* Captioned web image data
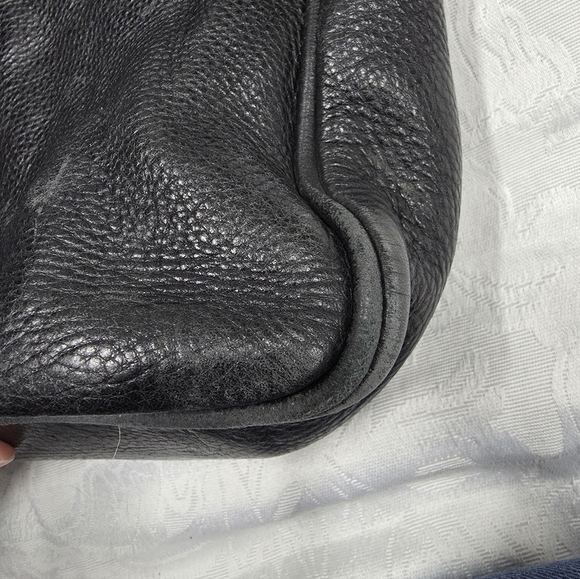 Roots Black Leather Tote Bag - Picture 8 of 11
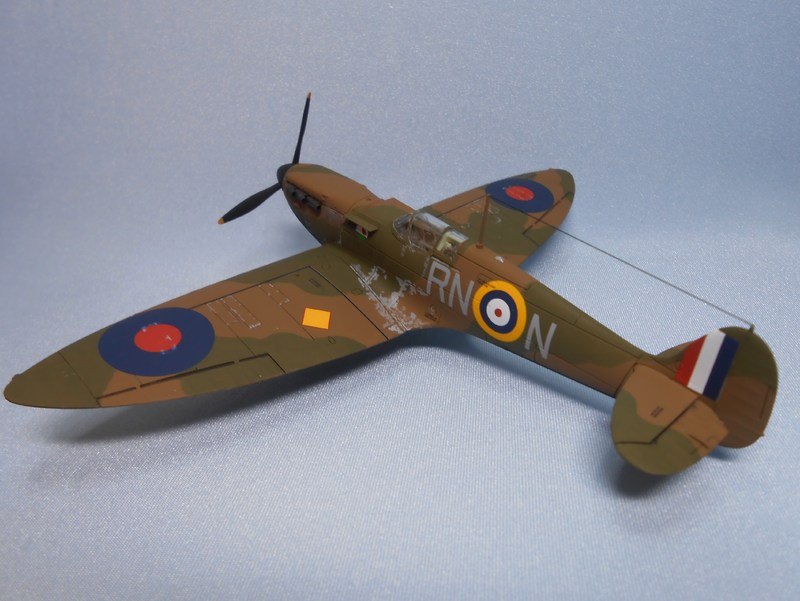1/72 Airfix Spitfire I & two Spitfire Ia, 72 Squadron, 266 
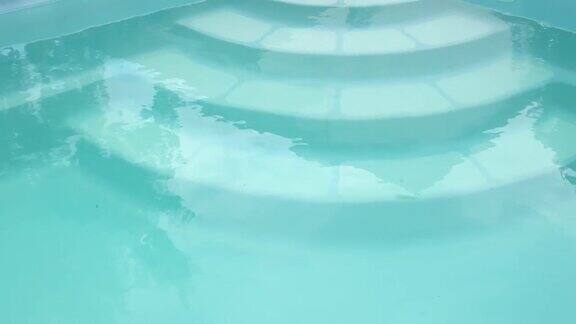 游泳池里碧波荡漾的湖水游泳池水面的光反射
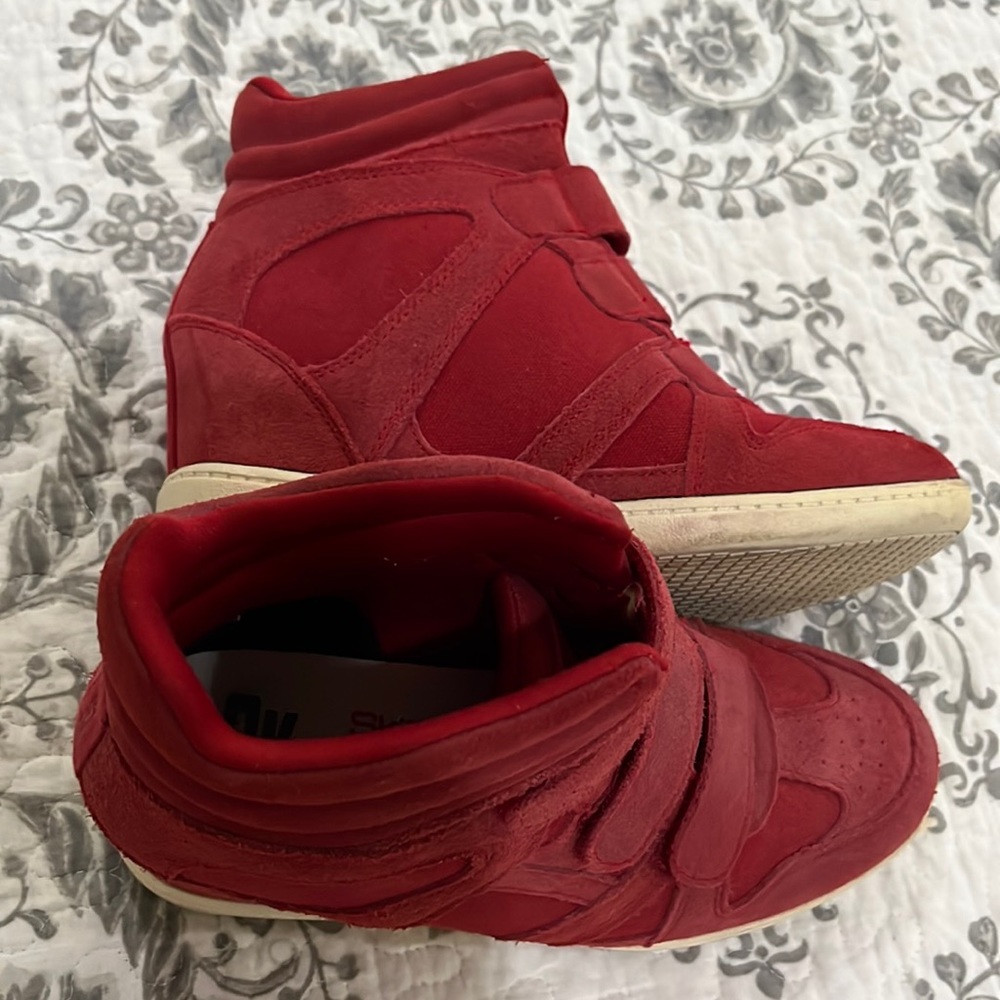 Sketchers wedge sneakers with real leather-Red.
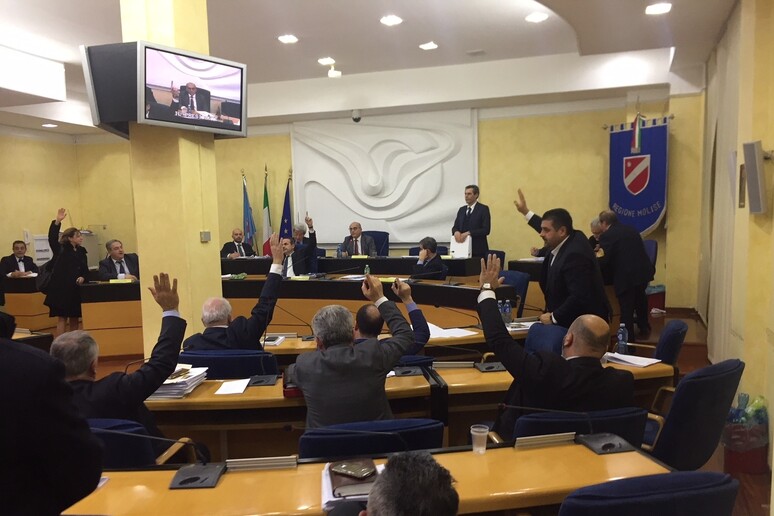 Campobasso - consiglio regionale - voto su legge elettorale - RIPRODUZIONE RISERVATA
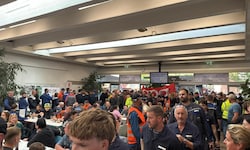 Die Streikenden versammeln sich in der Betriebskantine.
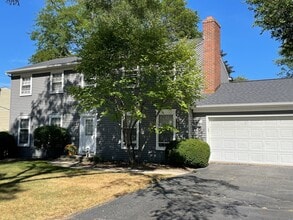 102 N Stauffer Dr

* PROMPT
In the copy, include exactly the lines from the one with "Die Streikenden versammeln" through the final line of the entries above, both ends counted, and no pictures.

* ANSWER SPACE
 Die Streikenden versammeln sich in der Betriebskantine.
 102 N Stauffer Dr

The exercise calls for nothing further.